Migration cuts: New Zealand First’s campaign slogan was “Had enough?”, although it seemed to lack a question mark on the billboards I saw. It referred to the population growth from migration and that will be a key part of any deal.
Peters wanted a 60,000 reduction in net migration to 10,000, while Labour proposed a cut of up to 30,000. The devil will be in the detail of the agreed size of the cut and how it would be implemented. Peters has criticised Private Training Establishments and the Government for ramping up international student numbers. Both he and Labour want to tighten up the rules around lower value export education.
Labour and New Zealand First both wanted tighter rules for lower skilled temporary migrants, but Peters was not keen to see cuts affect regional agriculture jobs or the Registered Seasonal Employer scheme which helps our Pacific neighbours.
Superannuation: National is expected to drop its well-over-the-horizon policy of extending the age of eligibility for New Zealand Superannuation to 67 from 65.
Both Labour and National are expected to also resume contributions to the New Zealand Superannuation Fund immediately and create a state-owned KiwiFund as a default option for KiwiSavers.
A ramped-up Super Super Goldcard is a given.
Foreign ownership: A ban on foreign buyers of residential land is a sure thing if Peters goes with the Labour-Greens combination and either a ban or a stamp duty that complies with our free trade agreements is likely with National. A proper foreign ownership register is likely under both types of Government.
A ban on foreign buying of farmland is more likely under Labour and the Greens than National.
Transport: Labour and the Greens agree with New Zealand First on the need for more investment in both regional and urban rail transport, both for freight and passengers. An early commitment to fund rail of some sort to Auckland airport is likely under both flavours of Government, as is an improved rail line to Auckland and a look at a link between the existing line and Marsden Point.
An agreement to study shifting the Port of Auckland to Northland is also expected, without a commitment to fund a full move. A national Port strategy study is also possible.
An agreement to provide $32 million of Government funding to councils to keep open 12 regional airports is a given, particularly two of the 12 are airports at Kaitaia and KeriKeri. New Zealand First supported an Airports Association proposal for the funding.
Monetary policy: Labour and the Greens would be likely to agree to a monetary policy review with an eye to changes to the Reserve Bank Act to force it to consider full employment and the currency alongside inflation, as is the case in Australia, Britain and the United States.

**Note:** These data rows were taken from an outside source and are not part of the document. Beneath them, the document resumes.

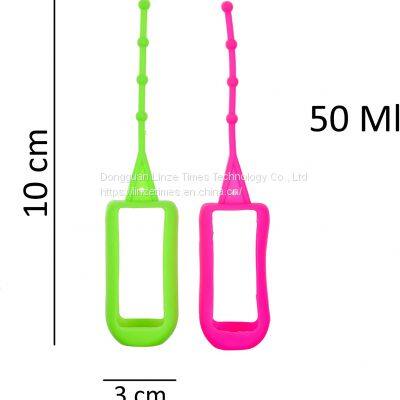 Custom Hand Sanitizer Holder Protective Cases For Lipstick Perfume,Shampoo Bottles photo-2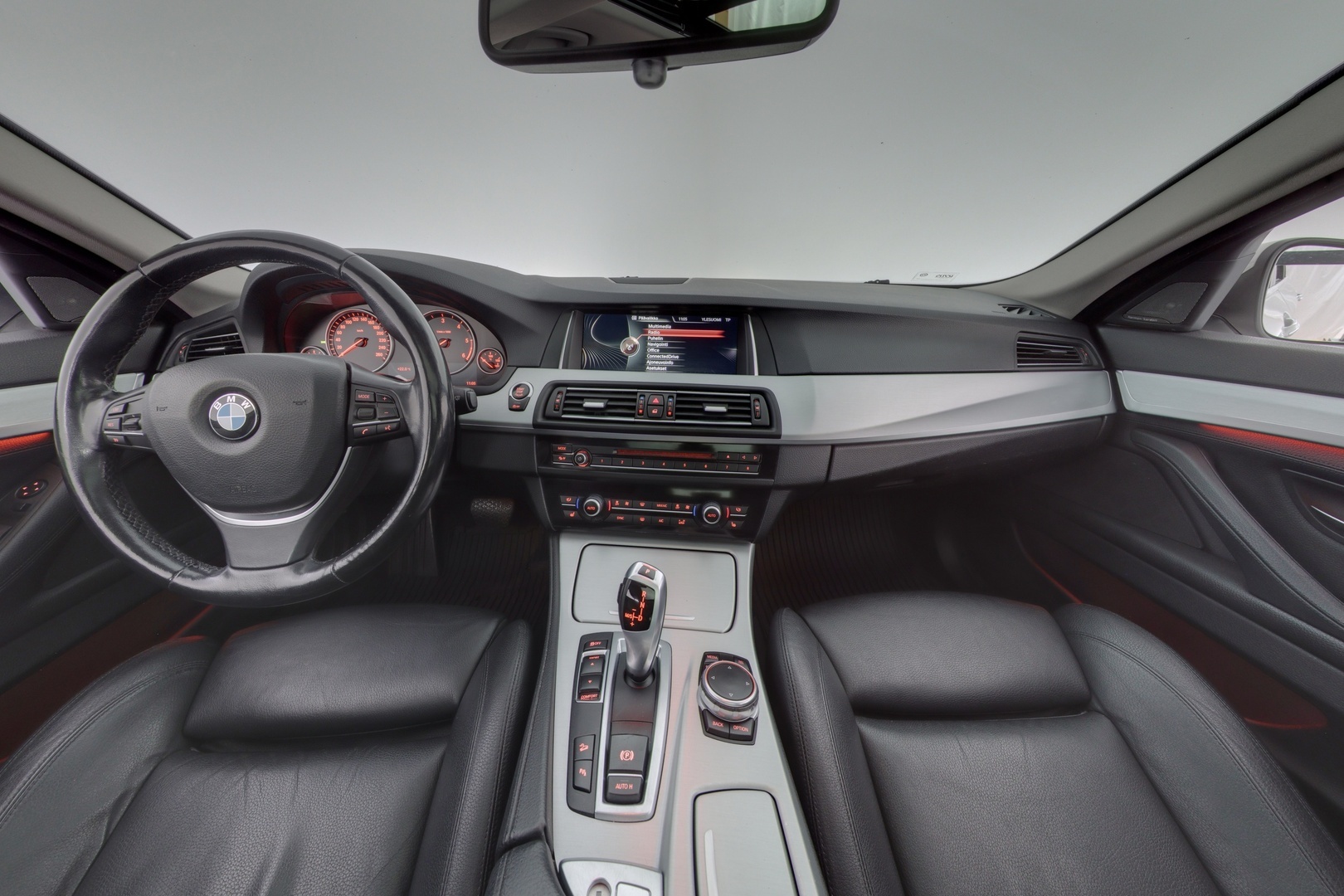 BMW 520 2017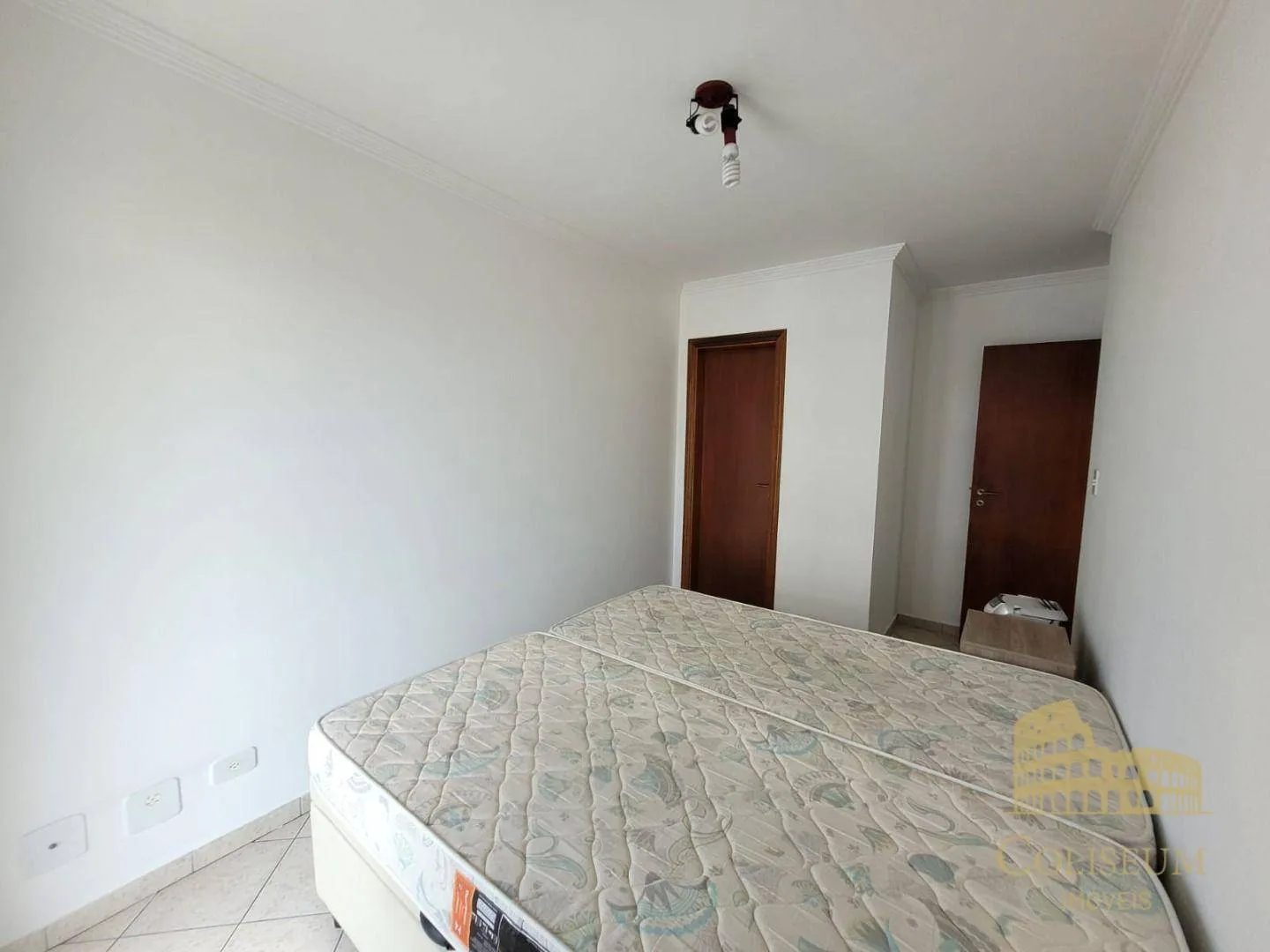 Imagem Apartamento com 2 dormitórios para alugar, 75 m² por R$ 3.500,00/mês - Vila Guilhermina - Praia Grande/SP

Changing the single decision maker system to a committee system would also be considered by both flavours of Government.
National may agree to a review and tweaks to the Policy Targets Agreement, but not agree to change the Reserve Bank Act to remove the single inflation target.

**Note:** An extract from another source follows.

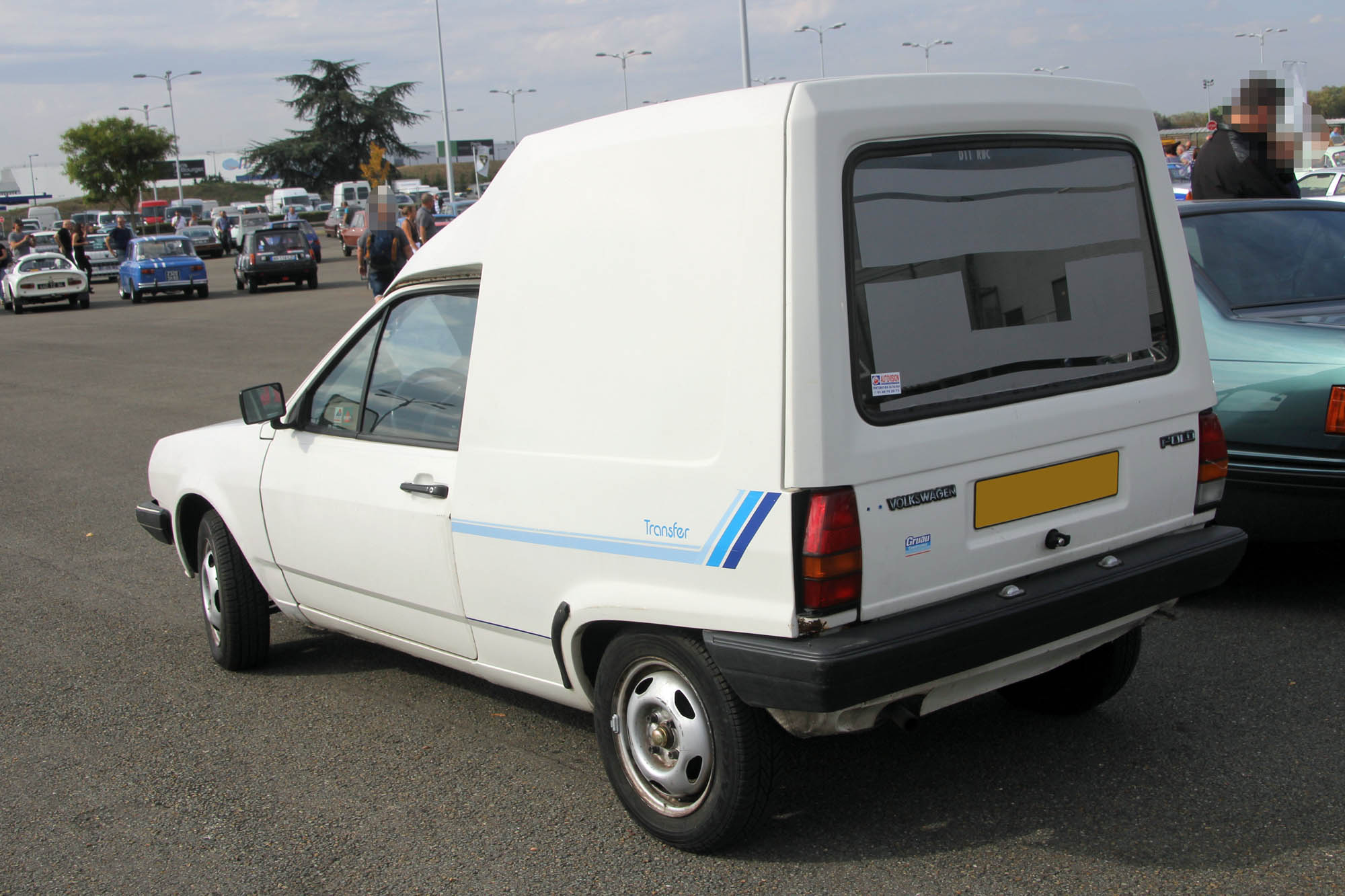Volkswagen Polo 2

Education: A Labour-Green New Zealand First Government would be expected to agree on some form of accelerated fees-fee or loan forgiveness system for tertiary education. Labour campaigned for three years fees-free, while New Zealand First campaigned for loan forgiveness for those students who stayed in New Zealand. A National-New Zealand First Government would be more likely to lean to fees reductions than loan forgiveness.
New Zealand First’s policy losses
A bunch of New Zealand First’s more expensive and difficult policies are unlikely to make it over the line.

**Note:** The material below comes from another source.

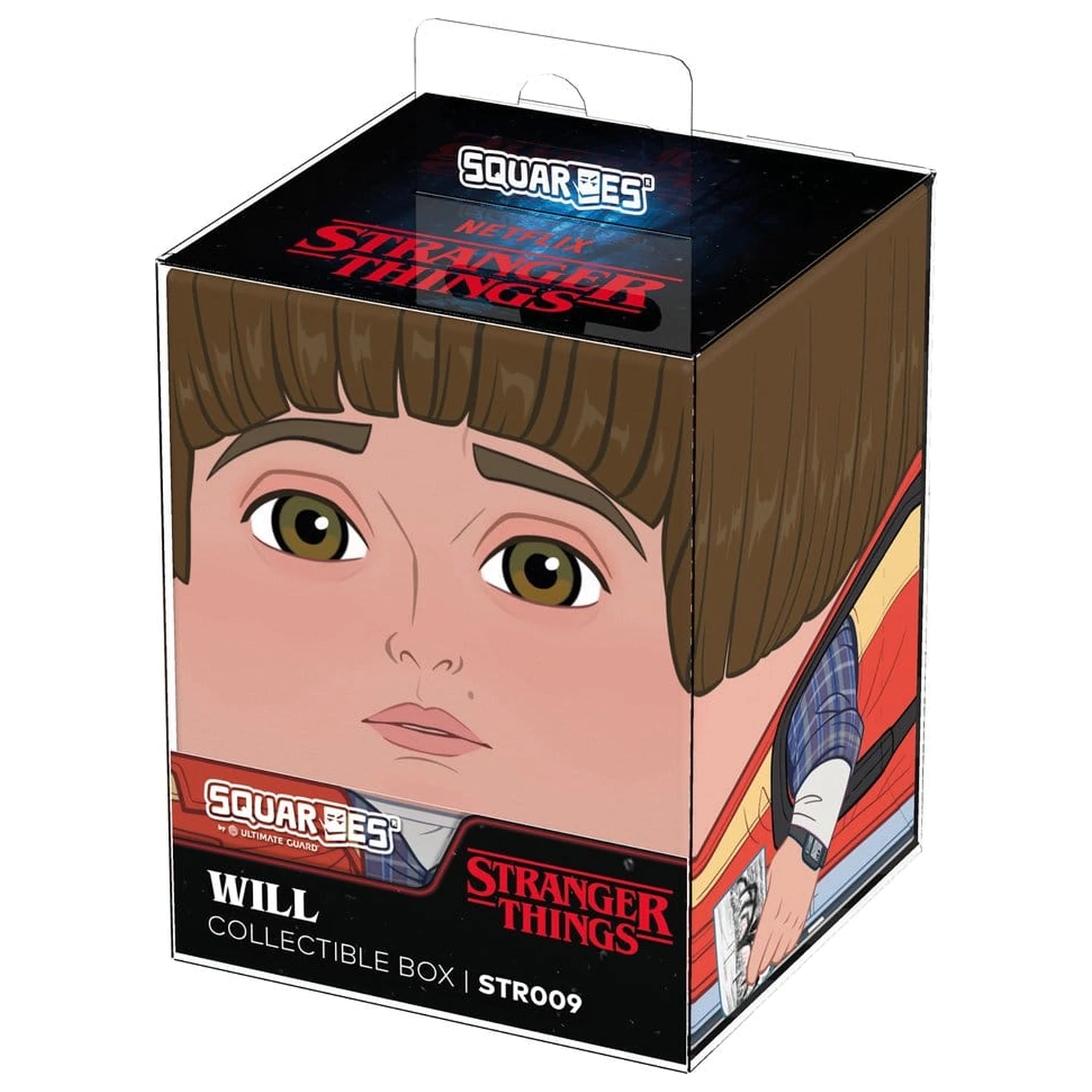 Squaroes Squaroe Stranger Things STR009 - Will termékfotó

– a proposal to remove GST from food, which would be expensive and difficult to achieve,
– a proposal to return GST from tourism spending to regional councils,
– a plan to lift the minimum wage to $20 an hour over three years in exchange for a cut in the corporate tax rate to 25 percent,
– a plan to reduce corporate tax for exporters to 20 percent,
– a plan to force (or pay) Sky TV to give up rights to free-to-air and live sports events,
– a plan to buy back shares in the Government controlled power companies.
Who should worry and hope
There are plenty of industries and individuals who will be chewing their fingernails and perhaps pulling their hair out in anticipation of today’s decision and the likely policy mix of any new Government.
The aged care, hospitality and tourism industries (particularly in Auckland) will be worried that sharp cuts to temporary and low-skilled work visas will hit their prospects for growth hard.
The private international education sector will worry that big changes to English language requirements and work rights for students could hit demand for their courses. There may also be an inquiry into the sector and the associated issue of migrant abuse to contend with.
The agriculture and horticulture sectors in regions will be hopeful they are spared the worst of the migration cuts.
The rail and regional airport sectors will be hopeful Peters is able to secure concessions, while police will be pleased to see the extra officers all sides are likely to agree to.
Students and pensioners (ironically) are likely to be happy with whatever deals Peters secures on fees and the gold card.